§ Task to carry out: Each line from the material with the word "venda" in it must be copied.

§ Material for this exercise:
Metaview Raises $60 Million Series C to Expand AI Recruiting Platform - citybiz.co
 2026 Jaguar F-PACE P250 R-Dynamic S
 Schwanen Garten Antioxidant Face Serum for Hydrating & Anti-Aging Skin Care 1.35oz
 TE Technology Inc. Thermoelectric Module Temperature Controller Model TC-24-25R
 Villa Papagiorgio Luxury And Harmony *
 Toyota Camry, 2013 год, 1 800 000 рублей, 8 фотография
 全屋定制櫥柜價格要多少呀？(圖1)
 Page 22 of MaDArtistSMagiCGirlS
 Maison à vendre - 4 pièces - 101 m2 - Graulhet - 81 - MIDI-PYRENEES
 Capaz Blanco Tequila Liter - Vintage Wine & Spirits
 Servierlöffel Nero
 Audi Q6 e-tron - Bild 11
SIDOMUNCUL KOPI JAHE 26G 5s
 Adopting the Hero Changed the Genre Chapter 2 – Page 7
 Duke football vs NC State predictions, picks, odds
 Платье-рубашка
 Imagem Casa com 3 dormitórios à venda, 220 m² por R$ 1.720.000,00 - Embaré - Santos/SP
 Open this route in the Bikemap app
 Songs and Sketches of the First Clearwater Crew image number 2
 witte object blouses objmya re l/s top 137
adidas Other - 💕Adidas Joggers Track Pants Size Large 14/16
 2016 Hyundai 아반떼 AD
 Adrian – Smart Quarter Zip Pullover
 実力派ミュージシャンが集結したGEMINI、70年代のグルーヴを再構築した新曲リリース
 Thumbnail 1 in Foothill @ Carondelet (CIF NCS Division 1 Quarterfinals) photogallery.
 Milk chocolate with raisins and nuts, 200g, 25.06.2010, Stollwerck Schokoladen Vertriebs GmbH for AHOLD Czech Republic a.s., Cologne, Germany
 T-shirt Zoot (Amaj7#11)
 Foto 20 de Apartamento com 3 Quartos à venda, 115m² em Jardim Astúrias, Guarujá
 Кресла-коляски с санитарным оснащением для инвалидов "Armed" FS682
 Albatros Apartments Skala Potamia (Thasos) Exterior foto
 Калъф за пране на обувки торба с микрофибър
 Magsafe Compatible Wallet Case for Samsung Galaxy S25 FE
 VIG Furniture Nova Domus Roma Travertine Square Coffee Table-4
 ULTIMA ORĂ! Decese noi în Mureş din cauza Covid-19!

§ Written answer:
 Imagem Casa com 3 dormitórios à venda, 220 m² por R$ 1.720.000,00 - Embaré - Santos/SP
 Foto 20 de Apartamento com 3 Quartos à venda, 115m² em Jardim Astúrias, Guarujá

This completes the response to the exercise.